Maybe I've developed temporary blindness, but I don't see where Thaddeus
didn't use semantic newlines in the adjacent quoted material.

"UTF-8" is an adjective to "characters"; I'd break just after "of", since everything after it is a single nominal phrase (I hope I used the correct term; I only did syntactical analysis in Spanish at school).

There were more obvious points below that infringed this rule, but I wanted to point out the first one.


Please, use a separate line and
.B \e0

We avoid \f.

Yes!  Thus does the moral arc of the universe bend toward justice!

...or at least readable man(7) source.

+from\~\fB0\fR, the printable digit-zero character.

Why did you use the non-breaking space here (and other places)?  I
don't think it's necessary.

It is a typographical best practice.  It is often good typography to
keep a line break from occurring between a preposition and its object,
or between nouns where one is used as a determiner for the other.
Thaddeus has supplied an example of the former above, and for the latter
consider the following[3].

Integer overflow is guaranteed for large values
.RI of\~ n .

I know of no hard rule here, but I have inferred that such break
prevention tends to be applied much more frequently adjacently to one-
or two-character nouns, and seldom to never for longer ones.  I believe
the reason for the practice is to make reading more comfortable; it
would be nice to only _ever_ break lines at phrase and clause
boundaries, but applying a hard rule along these lines leads to worse
esthetics (if the line is adjusted to both margins with large amounts of
inter-word space) or ergonomics (if the line length varies dramatically
within a paragraph).

Okay, looks good to me.


+Workarounds typically exist, chiefly via quotation, escape and the
explicit +termination of options processing [see
+.BR sh (1)];

I'd have used parentheses there. No?  Was it, as in Mathematics, to
clearly differentiate the inner from the outer parentheses?  If so, we
typically nest parentheses in the manual pages (as in here (see?)).

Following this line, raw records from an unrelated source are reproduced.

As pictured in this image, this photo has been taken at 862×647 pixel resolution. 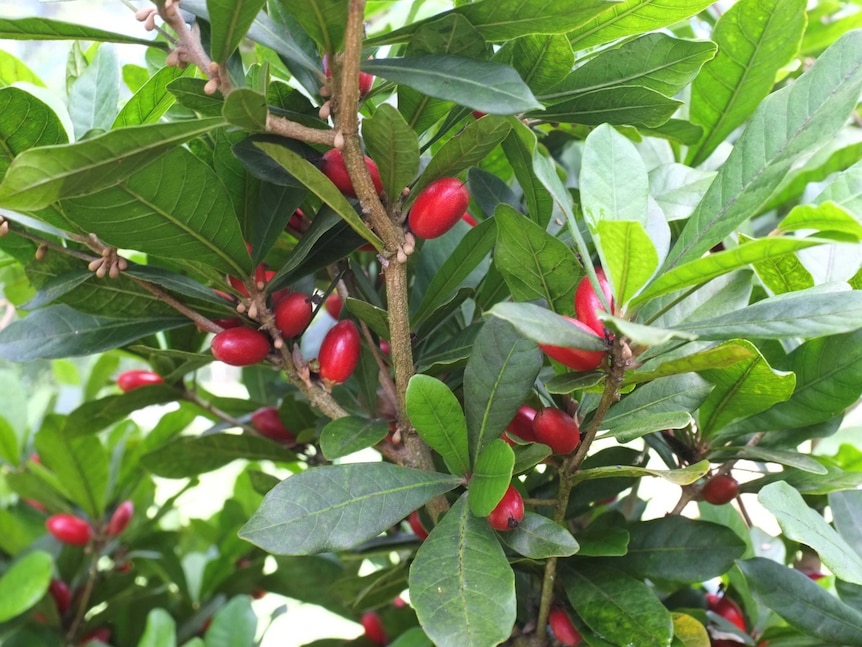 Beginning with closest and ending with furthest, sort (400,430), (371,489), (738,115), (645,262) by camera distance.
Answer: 1. (645,262)
2. (371,489)
3. (400,430)
4. (738,115)

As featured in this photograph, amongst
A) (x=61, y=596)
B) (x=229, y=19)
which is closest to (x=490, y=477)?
(x=229, y=19)

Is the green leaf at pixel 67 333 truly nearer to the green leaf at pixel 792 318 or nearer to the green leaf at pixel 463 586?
the green leaf at pixel 463 586

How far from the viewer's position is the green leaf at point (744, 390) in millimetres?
604

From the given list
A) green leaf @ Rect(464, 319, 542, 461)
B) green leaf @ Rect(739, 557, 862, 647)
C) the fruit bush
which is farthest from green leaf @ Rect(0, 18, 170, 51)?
green leaf @ Rect(739, 557, 862, 647)

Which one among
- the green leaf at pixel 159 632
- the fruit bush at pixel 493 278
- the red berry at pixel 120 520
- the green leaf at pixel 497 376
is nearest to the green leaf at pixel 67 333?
the fruit bush at pixel 493 278

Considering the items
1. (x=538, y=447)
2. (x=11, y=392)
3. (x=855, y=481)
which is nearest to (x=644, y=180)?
(x=538, y=447)

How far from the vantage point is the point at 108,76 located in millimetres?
731

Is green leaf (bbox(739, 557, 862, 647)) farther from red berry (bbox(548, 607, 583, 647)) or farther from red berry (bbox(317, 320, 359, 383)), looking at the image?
red berry (bbox(317, 320, 359, 383))

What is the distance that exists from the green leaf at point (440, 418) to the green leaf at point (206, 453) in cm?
35

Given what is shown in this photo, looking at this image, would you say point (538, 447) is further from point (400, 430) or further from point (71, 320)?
point (71, 320)

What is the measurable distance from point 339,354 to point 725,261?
346mm

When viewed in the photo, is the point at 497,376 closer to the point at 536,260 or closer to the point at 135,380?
the point at 536,260

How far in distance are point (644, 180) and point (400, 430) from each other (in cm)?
30

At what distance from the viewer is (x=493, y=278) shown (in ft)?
2.45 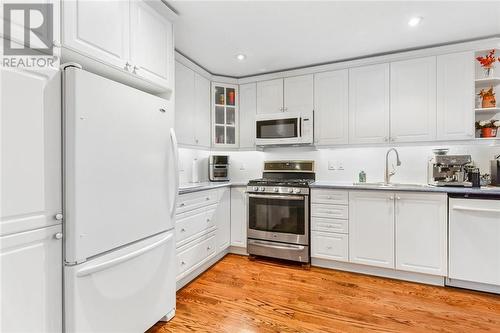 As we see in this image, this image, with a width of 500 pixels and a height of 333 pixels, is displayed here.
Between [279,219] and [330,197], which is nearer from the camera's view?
[330,197]

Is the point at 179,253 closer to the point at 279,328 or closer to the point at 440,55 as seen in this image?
the point at 279,328

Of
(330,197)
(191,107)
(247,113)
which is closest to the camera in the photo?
(330,197)

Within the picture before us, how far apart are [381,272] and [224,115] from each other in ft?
9.26

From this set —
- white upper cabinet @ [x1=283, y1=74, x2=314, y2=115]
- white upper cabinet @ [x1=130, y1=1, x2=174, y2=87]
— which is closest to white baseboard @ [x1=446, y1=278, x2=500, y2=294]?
white upper cabinet @ [x1=283, y1=74, x2=314, y2=115]

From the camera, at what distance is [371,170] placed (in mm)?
3240

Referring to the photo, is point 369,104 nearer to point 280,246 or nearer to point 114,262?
point 280,246

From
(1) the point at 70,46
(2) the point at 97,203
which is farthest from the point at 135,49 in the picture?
(2) the point at 97,203

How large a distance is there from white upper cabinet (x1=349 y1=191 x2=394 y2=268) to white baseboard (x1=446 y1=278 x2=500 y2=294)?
1.78 feet

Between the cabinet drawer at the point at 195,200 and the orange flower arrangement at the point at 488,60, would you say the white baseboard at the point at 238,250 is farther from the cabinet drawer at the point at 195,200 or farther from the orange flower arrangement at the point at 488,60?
the orange flower arrangement at the point at 488,60

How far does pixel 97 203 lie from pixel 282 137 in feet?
8.02

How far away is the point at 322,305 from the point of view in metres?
2.16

However, I don't think it's wrong per se to use brackets...  Is it
common in other places?  Maybe the add some readability to the text,
and we hould use them.

English style manuals tend to discourage the Lisp effect of nested
parentheses[5].

Actually, [4].

Okay, logically it seems good to me; more so when Mathematical language already uses that. I didn't know if it was typically used in prose, as I haven't seen its usage in Spanish, but since you referenced a guide that recommends its usage, it seems fair.

 The reference I've cited is consistent with other
practices I've seen in the humanities, which is to turn to parentheses
as a first resort and then adopt brackets only when already within a
parenthesized context, whereas mathematical usage is to apply
parentheses to the innermost level of nesting.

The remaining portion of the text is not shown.